*** Opening DATA PROVIDED ***

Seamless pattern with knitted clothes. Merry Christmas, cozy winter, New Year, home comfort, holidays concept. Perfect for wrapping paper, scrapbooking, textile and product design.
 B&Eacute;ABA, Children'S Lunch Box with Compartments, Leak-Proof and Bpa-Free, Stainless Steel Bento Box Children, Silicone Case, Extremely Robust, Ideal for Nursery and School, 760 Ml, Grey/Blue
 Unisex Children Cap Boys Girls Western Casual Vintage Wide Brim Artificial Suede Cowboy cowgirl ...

*** Closing DATA PROVIDED ***

> **EXERCISE BRIEF**:
Retype every line of the material above without altering anything.

> **OUTPUT**:
Seamless pattern with knitted clothes. Merry Christmas, cozy winter, New Year, home comfort, holidays concept. Perfect for wrapping paper, scrapbooking, textile and product design.
 B&Eacute;ABA, Children'S Lunch Box with Compartments, Leak-Proof and Bpa-Free, Stainless Steel Bento Box Children, Silicone Case, Extremely Robust, Ideal for Nursery and School, 760 Ml, Grey/Blue
 Unisex Children Cap Boys Girls Western Casual Vintage Wide Brim Artificial Suede Cowboy cowgirl ...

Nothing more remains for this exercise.